Evaluation continues to use the 3D Higher Order Tracking Accuracy (HOTA) metric, which jointly balances detection, association, and localization quality. Submissions demonstrating online tracking, relying only on past-frame information, receive a +10% multiplicative bonus when determining the final winner and runner-up.
Task
Teams should detect every object and keep the same identity ID while they move within and across all cameras in a scene.
Submission Format
For compatibility with the official evaluation server, results must be a single plain-text file (track1.txt) where each line describes one detection:
〈scene_id〉 〈class_id〉 〈object_id〉 〈frame_id〉 〈x〉 〈y〉 〈z〉 〈width〉 〈length〉 〈height〉 〈yaw〉
| Field | Type | Description |
| scene_id | int | Unique identifier for each multi-camera sequence. |
| class_id | int | Starting from zero, denoting an object’s category. (Person→0, Forklift→1, NovaCarter→2, Transporter→3, FourierGR1T2→4, AgilityDigit→5.) |
| object_id | int | Positive, unique ID per scene & class. Remains constant across all cameras within the same scene and class. |
| frame_id | int | Zero-based frame index within that scene. |
| x, y, z, | float | 3D coordinates of the bounding-box centroid in the world coordinate system which is in meters. |
| width, length, height | float | Box dimensions in meters along its x (width), y (length) and z (height) axes of the object-centered coordinate system, with the origin at the centroid. |
| yaw | float | Euler angle in radians about the y-axis of the object-centered coordinate system defining the box’s heading in the world coordinate system. (Pitch and roll are assumed zero.) |

Example: in scene 0, if a Person is assigned obj_id = 5, then a Forklift cannot use obj_id = 5 (it must use a different ID, e.g. 6).
Archive the text file as track1.zip or track1.tar.gz before uploading.
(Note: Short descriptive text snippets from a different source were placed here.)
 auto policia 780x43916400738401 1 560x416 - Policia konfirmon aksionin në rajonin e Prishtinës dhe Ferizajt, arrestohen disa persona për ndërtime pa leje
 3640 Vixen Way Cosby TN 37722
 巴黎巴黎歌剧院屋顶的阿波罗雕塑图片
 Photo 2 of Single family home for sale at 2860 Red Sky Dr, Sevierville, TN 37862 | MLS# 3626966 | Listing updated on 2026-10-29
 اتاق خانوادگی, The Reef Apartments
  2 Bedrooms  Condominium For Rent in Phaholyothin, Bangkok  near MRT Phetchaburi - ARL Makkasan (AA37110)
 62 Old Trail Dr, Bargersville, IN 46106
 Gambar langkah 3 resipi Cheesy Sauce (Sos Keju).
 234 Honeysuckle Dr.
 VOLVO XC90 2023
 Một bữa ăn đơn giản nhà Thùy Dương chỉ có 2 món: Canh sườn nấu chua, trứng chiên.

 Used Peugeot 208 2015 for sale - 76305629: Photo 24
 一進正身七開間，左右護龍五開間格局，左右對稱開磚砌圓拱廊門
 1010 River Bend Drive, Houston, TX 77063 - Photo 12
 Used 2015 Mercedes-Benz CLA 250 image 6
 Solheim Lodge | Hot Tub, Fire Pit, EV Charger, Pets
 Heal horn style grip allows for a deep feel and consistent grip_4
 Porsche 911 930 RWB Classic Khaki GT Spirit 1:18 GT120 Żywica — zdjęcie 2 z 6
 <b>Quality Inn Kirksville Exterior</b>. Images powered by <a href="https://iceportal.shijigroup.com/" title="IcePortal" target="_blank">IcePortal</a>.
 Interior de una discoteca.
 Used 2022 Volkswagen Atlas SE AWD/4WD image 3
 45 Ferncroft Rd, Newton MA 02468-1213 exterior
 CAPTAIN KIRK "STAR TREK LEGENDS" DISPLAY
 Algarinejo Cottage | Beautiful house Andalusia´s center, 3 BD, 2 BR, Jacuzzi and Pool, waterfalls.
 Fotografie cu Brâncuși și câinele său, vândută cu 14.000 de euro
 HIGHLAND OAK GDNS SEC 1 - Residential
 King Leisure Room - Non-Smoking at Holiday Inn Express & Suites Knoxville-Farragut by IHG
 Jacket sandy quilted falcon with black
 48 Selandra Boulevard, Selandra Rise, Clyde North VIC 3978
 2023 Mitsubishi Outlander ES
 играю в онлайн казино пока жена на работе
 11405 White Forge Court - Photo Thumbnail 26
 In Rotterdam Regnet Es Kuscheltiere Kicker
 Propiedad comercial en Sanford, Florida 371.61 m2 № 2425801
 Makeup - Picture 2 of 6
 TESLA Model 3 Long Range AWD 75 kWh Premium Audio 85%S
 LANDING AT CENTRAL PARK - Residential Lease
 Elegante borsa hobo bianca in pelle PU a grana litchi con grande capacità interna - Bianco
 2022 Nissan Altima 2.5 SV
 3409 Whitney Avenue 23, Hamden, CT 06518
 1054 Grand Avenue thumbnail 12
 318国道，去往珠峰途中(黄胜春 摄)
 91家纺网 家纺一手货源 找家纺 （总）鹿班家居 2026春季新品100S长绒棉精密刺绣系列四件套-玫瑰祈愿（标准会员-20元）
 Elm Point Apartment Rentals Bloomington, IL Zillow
Important note on the submission file:
- All floating-point numbers in the submission file must be rounded to two decimal places.
- The file size limit for each submission is 50 MB.
Evaluation
Scores are computed with 3D HOTA [1], which jointly balances detection, association and localization quality. HOTA score will be computed per class within a scene which will be averaged. A weighted average will then be computed on these scores across all scenes based on the total no. of objects. 3D IoU will be used for matching GT & prediction objects.
- Leaderboard = raw HOTA on the hidden test set.
- Online-tracker bonus: If your paper + code prove that only past frames are used, a +10 % multiplicative bonus is applied when deciding the final winner and runner-up (the public leaderboard itself shows the un-bonused score).
Example: Team A (offline) = 66 % HOTA; Team B (online) = 61 % ⇒ bonus → 67.1 % HOTA. Team B ranks higher in the final award list.
Data Access
[Details will be provided soon.]
References
[1] J. Luiten et al., “HOTA: A Higher Order Metric for Evaluating Multi-Object Tracking,” IJCV, 2021.